Automakers with ambitious plans to roll out more than a hundred new battery-powered models in the next five years appear to be forgetting one little thing: Drivers aren’t yet buzzed about the new technology.
Electric cars — which today comprise only 1 percent of auto sales worldwide, and even less in the U.S. — will account for just 2.4 percent of U.S. demand and less than 10 percent globally by 2025, according to researcher LMC Automotive. But while consumer appetite slogs along, carmakers are still planning a tidal wave of battery-powered models that may find interested buyers few and far between.

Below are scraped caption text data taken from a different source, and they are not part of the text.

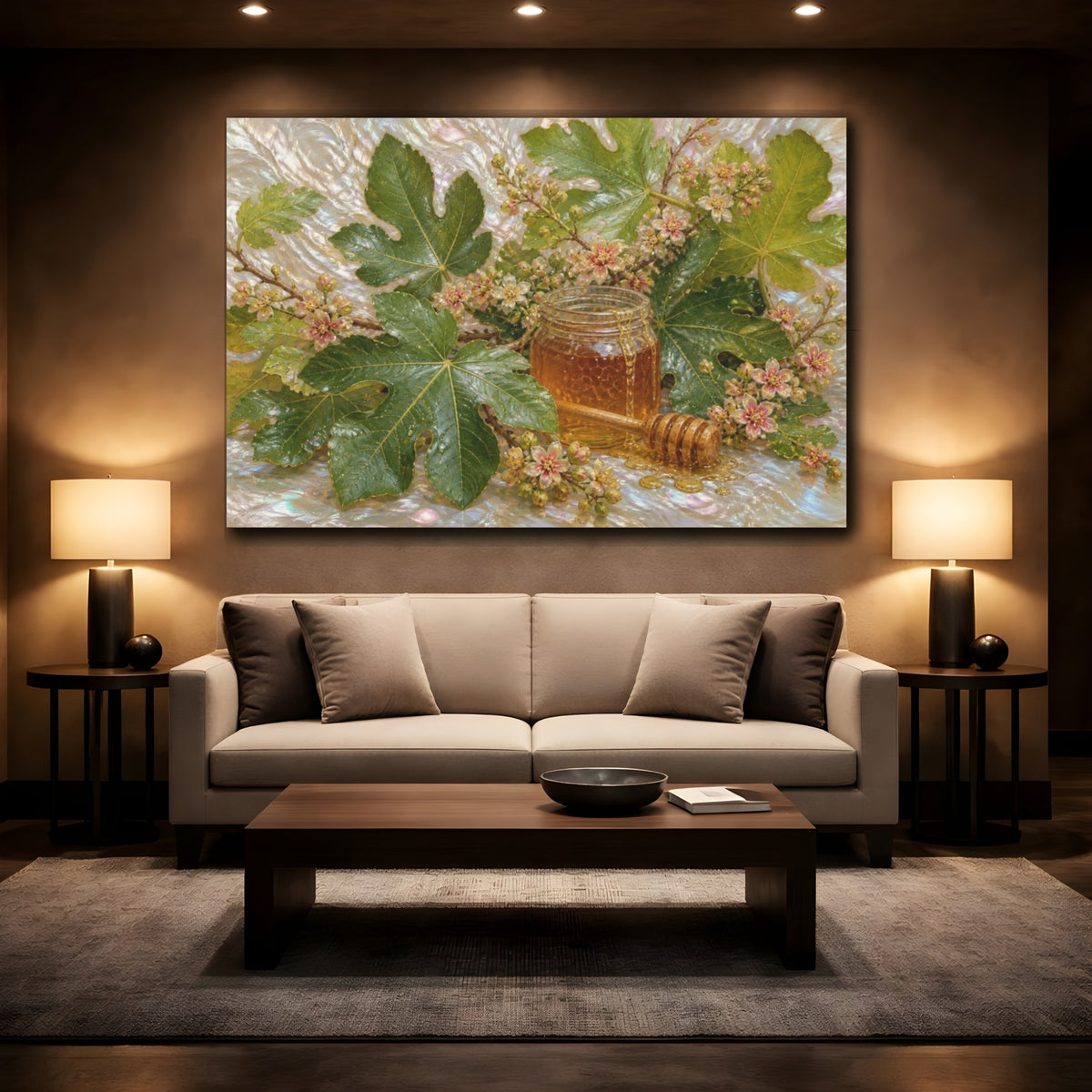 Mockup 2. Fig Leaves & Honey Jar shown as canvas print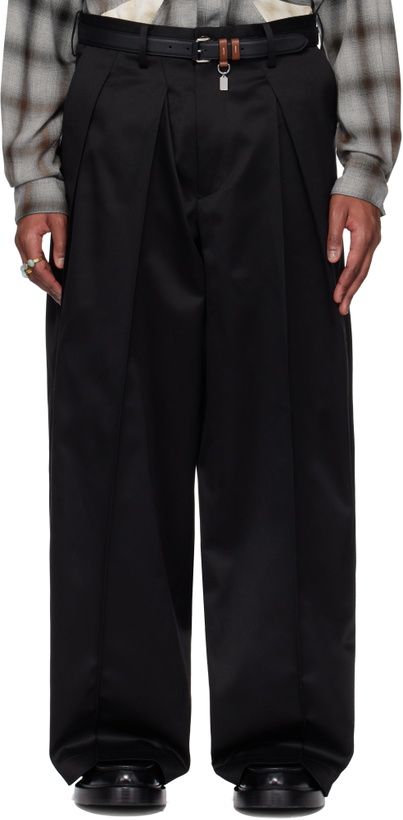 Photo: Khoki Black Pleat-Design Trousers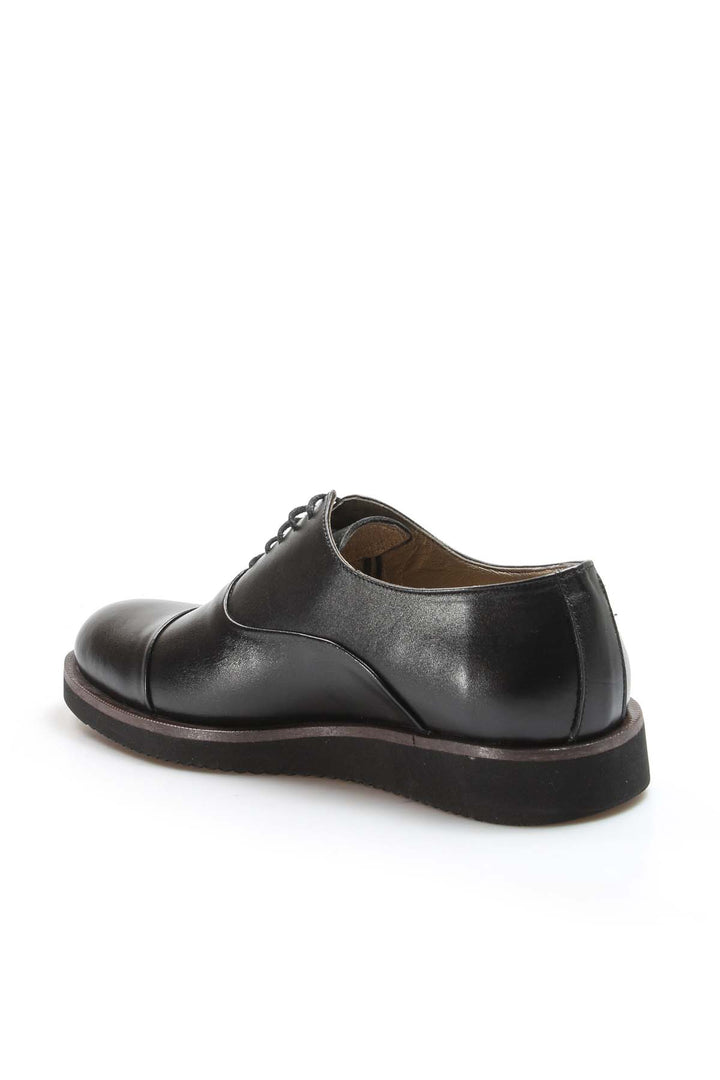 Men's Black Leather Oxford Shoes with Cushioned Sole and Matte Finish - Wessi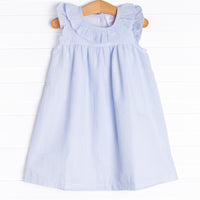 Simple Seersucker Ruffle Dress, Blue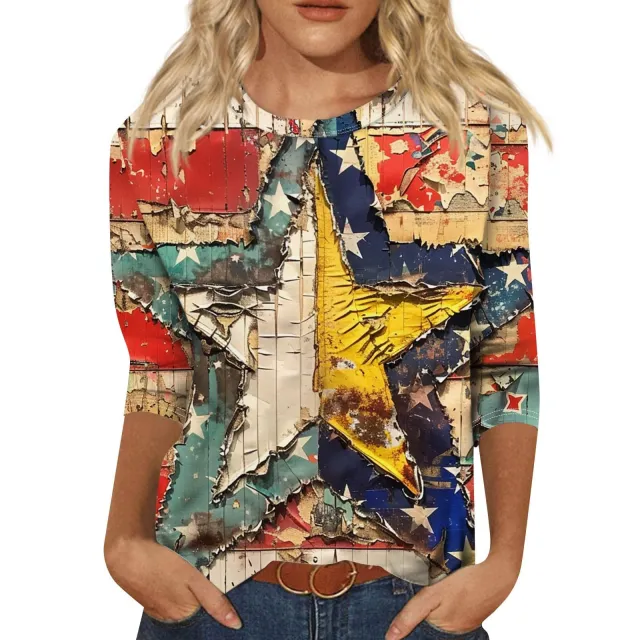 Long Sleeve Round Neck Slim Summer Tie dyed Printed Clothing 3W5Zf8K M - Shop at LoveMi
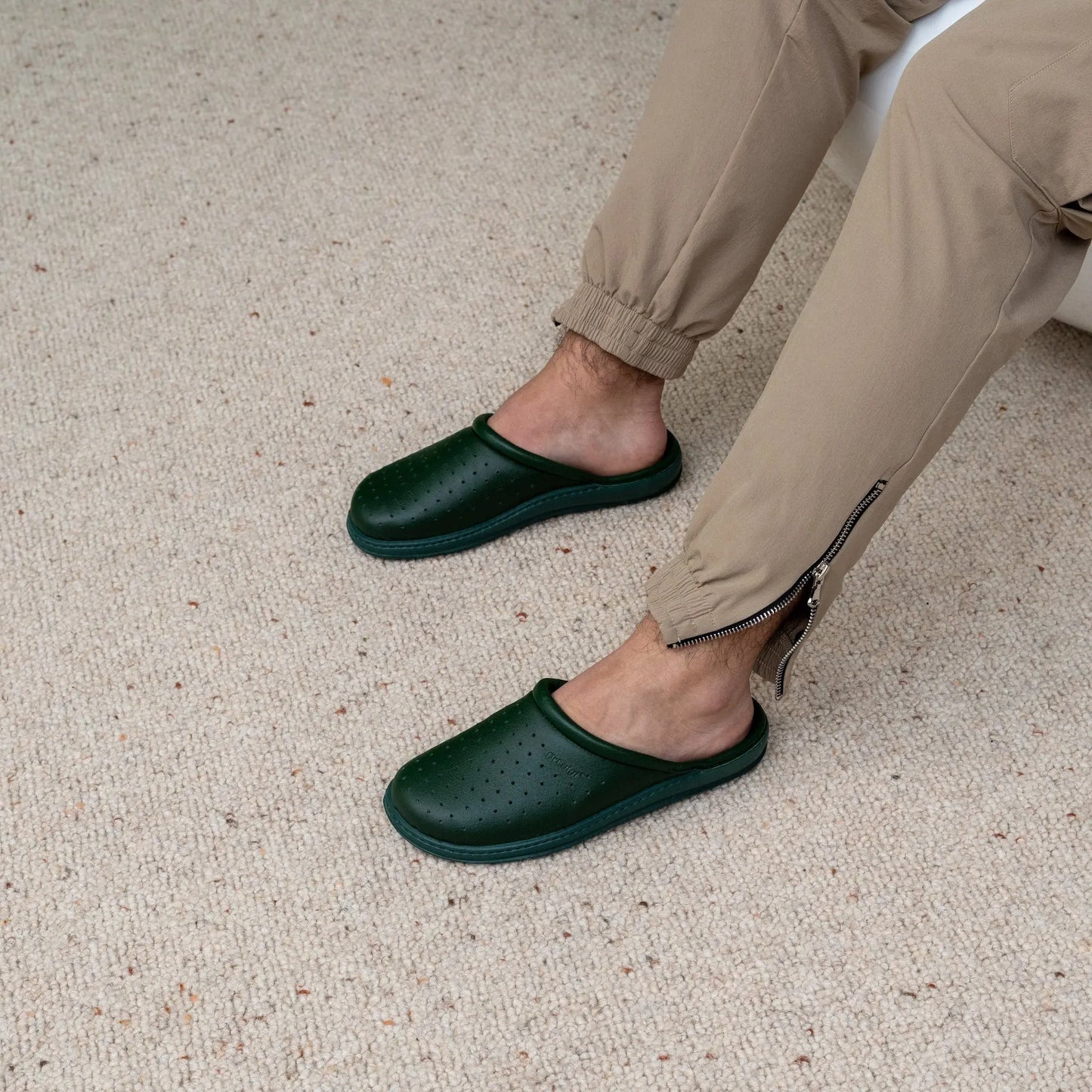DrLuigi® Orthopedic Slippers for Men - Comfortable Medical Footwear Green Leather drluigi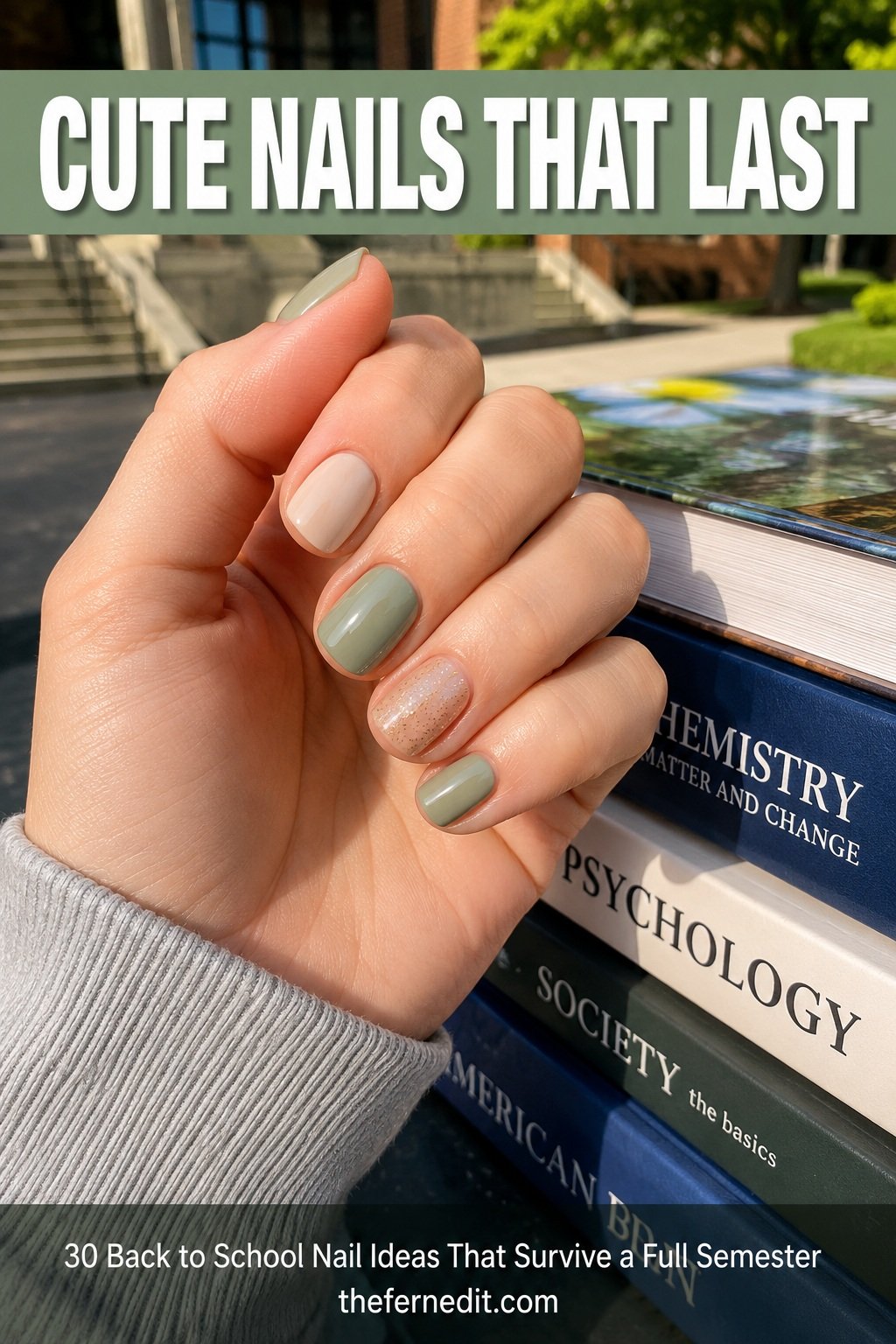Short Back to School Nails in Cozy Fall Shades
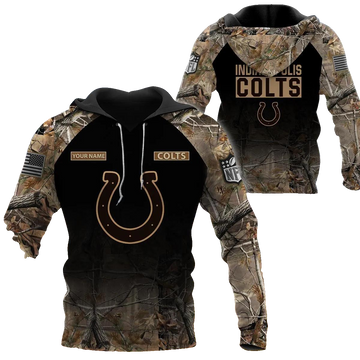 Indianapolis Colts Personalized Hunting Camo NFL 3D All Over Print Hoodie -Moonbestprint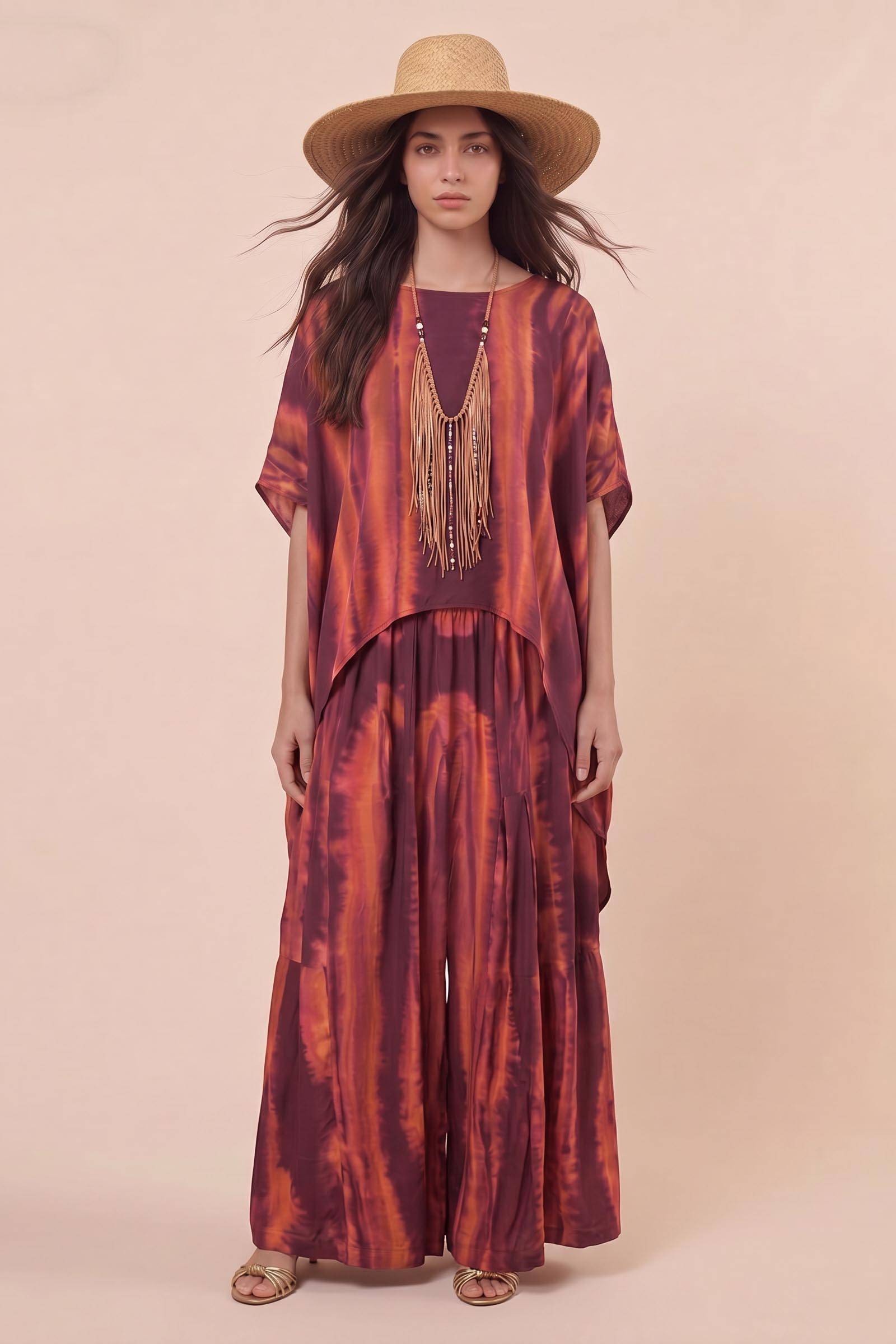 Printed Top And Wide Leg Pants Set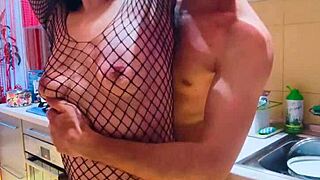 Milf wife gets rough hardcore in the kitchen missionary! 😍🔥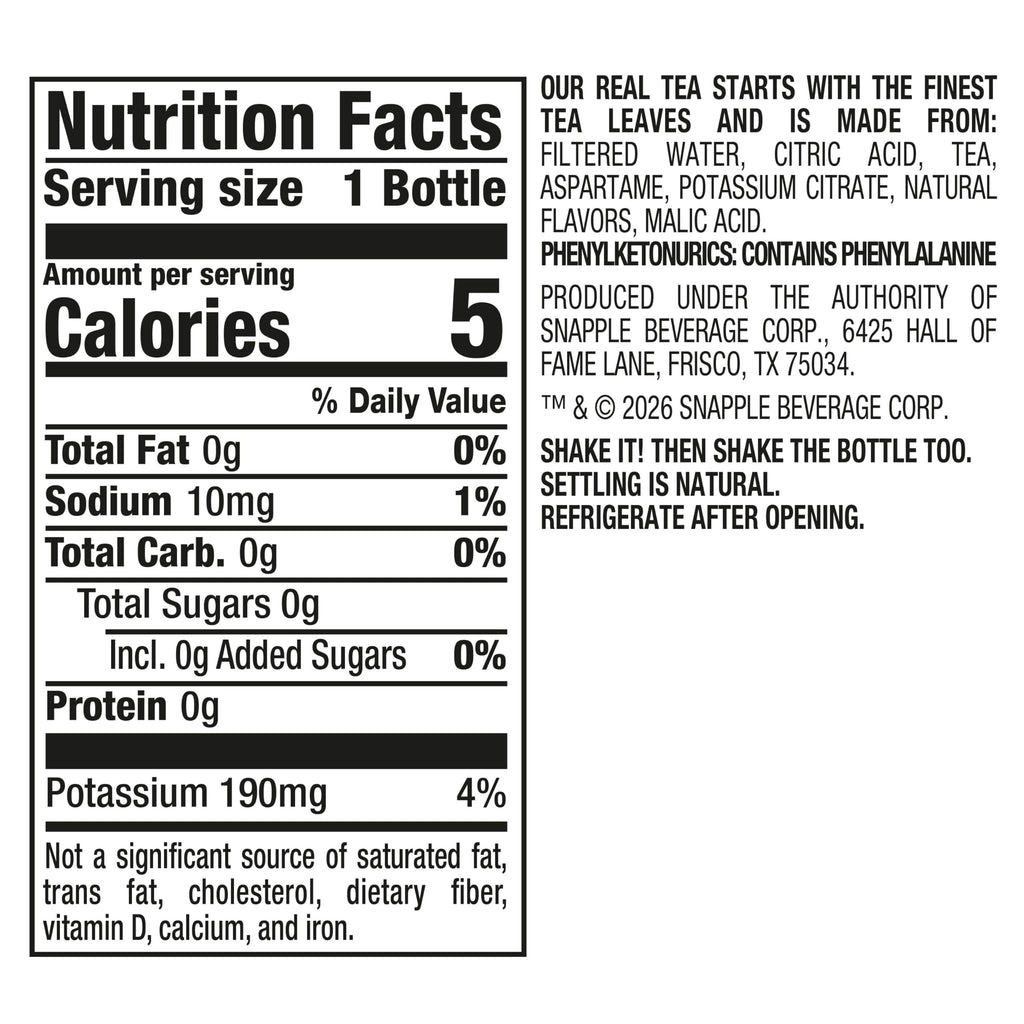 Snapple Zero Sugar Raspberry Tea, 16 Oz Bottles, 12 Count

“When you hear people talk about the tipping point, it’s really that they’re counting the number of product offerings,” Hau Thai-Tang, Ford Motor Co.’s global head of product development and purchasing, said of electric cars. “Nobody can cite what the actual demand will be.”
With battery costs declining rapidly, automakers are rushing to get in the game with their own all-electric models. General Motors has announced plans to roll out 20 models by 2023, while Ford and Volkswagen AG are among those planning new electric lineups in China. Toyota Motor Corp. this week promised more than 10 electric models by early next decade.
In total, 127 battery-electric models will be introduced worldwide in the next five years, Thai-Tang said, with LMC predicting pure electric offerings will increase by more than five-fold to 75 models in the U.S. alone.
“There’s certainly more hype than real growth in sales volume,” Jeff Schuster, senior vice president of forecasting for LMC, said in an interview. “How long have we been talking about EVs? We’re now finally seeing them in numbers, but the sales numbers are not taking over the industry by any means.”
Panic and promise
It’s a mix of panic and promise that’s driving automakers to set ambitious goals to catch up to perceived market leaders like Tesla Inc. and GM, which each are enjoying a run-up in their stock prices this year. GM CEO Mary Barra said her company will sell more than 1 million electric vehicles per year — profitably — by 2026. Tesla CEO Elon Musk had been planning to build half a million electric cars in 2018, although that timeline could be jeopardized by missed production targets for the $35,000 Model 3 sedan.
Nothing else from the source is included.